The lawyer for Aktan has said they will appeal the sentence. The article in question was entitled Weather Conditions in the Region and in Qandil / No Solution without Fighting, and appeared in the magazine on 15 October 2009. According to the Centre for Law and Social Justice in Turkey, the prosecutor argued that the writing encourages the readers to violence and shows resort to violence as a necessary and rightful measure.
The journalist, however, argued that the interviews were not propaganda, and were permissible under the public's right to be informed about facts and diverse opinions.
Turkey has repeatedly used its restrictive anti-terror law as a means of muzzling the media. Also on 4 June, according to the media monitoring agency Bianet, a Turkish criminal court found newspaper executives Filiz Kocali and Ramazan Pekgoz guilty under the same clause for interviews carried out in Northern Iraq with Murat Karayylan, the top commander of the Kurdistan Workers' Party, which is locked in a fierce battle with Turkish security forces in the Kandil mountains, and is considered a terrorist organisation by Turkey, the European Union, the United States and many other countries. Kocali and Pekgoz face seven-and-a-half years in prison each.

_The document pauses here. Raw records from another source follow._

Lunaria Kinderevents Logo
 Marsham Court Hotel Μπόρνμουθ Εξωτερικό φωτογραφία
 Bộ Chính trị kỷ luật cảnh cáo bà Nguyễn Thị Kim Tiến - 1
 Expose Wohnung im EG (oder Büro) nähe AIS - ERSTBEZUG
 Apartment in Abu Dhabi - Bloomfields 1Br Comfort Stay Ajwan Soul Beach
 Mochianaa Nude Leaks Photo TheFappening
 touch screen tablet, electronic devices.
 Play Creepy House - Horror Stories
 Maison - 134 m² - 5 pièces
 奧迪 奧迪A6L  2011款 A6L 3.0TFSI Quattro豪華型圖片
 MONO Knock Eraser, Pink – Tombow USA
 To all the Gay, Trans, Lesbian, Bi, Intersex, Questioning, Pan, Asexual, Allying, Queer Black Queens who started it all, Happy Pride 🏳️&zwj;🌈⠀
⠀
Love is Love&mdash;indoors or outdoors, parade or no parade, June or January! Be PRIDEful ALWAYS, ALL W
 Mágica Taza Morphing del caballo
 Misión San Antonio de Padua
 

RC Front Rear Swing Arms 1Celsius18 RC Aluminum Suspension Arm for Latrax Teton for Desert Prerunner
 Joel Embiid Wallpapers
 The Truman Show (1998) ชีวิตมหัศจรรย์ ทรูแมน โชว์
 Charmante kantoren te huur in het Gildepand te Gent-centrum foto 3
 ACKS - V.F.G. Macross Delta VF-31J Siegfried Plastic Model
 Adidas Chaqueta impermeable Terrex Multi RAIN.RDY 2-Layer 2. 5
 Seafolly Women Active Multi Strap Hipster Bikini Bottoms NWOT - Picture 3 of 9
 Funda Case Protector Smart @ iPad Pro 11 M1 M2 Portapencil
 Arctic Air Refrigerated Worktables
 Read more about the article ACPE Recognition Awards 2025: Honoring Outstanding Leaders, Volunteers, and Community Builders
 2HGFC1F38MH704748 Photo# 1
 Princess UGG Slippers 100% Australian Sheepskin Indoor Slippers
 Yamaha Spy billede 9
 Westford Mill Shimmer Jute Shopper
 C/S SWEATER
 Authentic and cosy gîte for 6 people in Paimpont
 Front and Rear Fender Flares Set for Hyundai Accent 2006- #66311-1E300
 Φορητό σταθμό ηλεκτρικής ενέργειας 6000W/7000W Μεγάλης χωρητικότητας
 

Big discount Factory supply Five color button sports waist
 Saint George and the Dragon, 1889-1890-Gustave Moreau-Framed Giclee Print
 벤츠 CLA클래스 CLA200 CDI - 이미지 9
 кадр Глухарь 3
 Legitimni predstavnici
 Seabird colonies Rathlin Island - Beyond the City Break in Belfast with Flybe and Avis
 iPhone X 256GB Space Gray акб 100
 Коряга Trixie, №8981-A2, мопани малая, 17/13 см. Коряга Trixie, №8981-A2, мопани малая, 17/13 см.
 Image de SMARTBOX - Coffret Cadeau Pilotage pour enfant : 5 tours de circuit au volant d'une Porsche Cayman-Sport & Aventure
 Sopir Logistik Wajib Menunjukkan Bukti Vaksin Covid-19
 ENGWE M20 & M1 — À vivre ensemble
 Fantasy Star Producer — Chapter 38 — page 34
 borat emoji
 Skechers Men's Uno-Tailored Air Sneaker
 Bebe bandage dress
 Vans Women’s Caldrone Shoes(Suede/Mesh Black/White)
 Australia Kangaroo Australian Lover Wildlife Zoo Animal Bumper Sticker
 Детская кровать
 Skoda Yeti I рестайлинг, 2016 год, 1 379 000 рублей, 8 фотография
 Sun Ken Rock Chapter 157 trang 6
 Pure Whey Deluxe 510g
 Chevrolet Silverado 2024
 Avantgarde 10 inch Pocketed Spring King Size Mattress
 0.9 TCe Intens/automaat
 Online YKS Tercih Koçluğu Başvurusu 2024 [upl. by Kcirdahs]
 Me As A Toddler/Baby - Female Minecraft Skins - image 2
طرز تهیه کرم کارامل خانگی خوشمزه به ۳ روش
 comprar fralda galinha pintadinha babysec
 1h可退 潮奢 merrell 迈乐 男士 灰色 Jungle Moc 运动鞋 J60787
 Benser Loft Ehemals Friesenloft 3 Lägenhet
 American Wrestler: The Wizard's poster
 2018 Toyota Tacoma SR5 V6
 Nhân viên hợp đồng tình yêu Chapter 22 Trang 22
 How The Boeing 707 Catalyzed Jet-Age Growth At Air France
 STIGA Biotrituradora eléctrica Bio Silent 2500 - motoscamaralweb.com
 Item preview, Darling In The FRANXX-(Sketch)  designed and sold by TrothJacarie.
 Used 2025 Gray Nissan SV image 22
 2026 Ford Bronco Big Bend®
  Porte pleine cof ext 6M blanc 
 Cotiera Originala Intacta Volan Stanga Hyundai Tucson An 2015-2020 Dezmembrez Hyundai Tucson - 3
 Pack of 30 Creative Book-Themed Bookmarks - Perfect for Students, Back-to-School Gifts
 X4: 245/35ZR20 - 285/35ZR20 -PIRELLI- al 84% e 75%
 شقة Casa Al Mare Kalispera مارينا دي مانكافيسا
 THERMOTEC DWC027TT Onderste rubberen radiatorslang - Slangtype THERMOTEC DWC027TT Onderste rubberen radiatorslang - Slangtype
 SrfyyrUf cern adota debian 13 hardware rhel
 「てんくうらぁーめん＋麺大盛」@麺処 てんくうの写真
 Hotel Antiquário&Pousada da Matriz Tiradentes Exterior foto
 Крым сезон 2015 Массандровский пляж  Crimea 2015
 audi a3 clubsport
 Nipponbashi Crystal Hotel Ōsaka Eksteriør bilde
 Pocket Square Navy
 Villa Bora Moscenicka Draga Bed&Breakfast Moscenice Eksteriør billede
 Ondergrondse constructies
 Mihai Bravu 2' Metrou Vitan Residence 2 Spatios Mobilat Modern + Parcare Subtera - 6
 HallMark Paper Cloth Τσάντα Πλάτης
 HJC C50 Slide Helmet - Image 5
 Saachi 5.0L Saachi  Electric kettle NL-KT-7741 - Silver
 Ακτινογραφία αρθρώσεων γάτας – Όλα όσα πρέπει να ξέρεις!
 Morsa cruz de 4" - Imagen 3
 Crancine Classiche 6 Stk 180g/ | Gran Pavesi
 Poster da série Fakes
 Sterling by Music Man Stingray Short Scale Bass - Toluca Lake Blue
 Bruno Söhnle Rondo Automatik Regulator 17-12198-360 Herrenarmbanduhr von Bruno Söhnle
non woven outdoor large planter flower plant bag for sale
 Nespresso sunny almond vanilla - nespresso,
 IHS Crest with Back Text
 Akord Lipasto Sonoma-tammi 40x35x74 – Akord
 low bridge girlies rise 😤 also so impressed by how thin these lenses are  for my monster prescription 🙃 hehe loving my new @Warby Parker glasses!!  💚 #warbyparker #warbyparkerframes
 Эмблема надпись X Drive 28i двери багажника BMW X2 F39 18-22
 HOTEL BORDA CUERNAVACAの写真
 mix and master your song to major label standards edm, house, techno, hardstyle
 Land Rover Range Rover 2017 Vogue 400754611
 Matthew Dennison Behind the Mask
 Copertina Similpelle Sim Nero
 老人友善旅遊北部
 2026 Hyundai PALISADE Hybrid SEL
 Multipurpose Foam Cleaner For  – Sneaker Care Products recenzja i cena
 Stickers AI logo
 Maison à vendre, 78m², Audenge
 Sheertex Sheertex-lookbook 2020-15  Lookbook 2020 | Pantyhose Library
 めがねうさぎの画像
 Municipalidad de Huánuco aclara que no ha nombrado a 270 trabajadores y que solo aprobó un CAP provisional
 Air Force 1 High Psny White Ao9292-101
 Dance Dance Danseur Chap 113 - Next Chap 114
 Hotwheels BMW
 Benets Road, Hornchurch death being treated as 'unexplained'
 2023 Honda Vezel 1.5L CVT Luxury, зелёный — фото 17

In April, Vedat Kursun, former editor of the Kurdish daily, Azadiya Welat, was sentenced by a Turkish court to three years in prison in connection with two articles deemed to have spread propaganda for the PKK.
In February this year, IPI reported on the December sentencing of the editor of a Kurdish newspaper to 21 years in prison for publishing what the court called Kurdish propaganda, only two weeks after the European Court of Human Rights ordered Turkey to pay over 40,000 Euros to 20 Turkish journalists as compensation for having violated their rights.
According to a report compiled by Bianet, a total of 103 people, including 15 journalists, were arraigned in the first quarter of the year alone on charges relating to the anti- terror law.
"Turkey's repeated use of the anti-terror law against journalists whose opinions and writing are unfavorable to the state is clearly calculated to stifle criticism by any means possible", said IPI Director David Dadge. "We call on the Istanbul High Court to allow Aktan's appeal and overturn this sentence".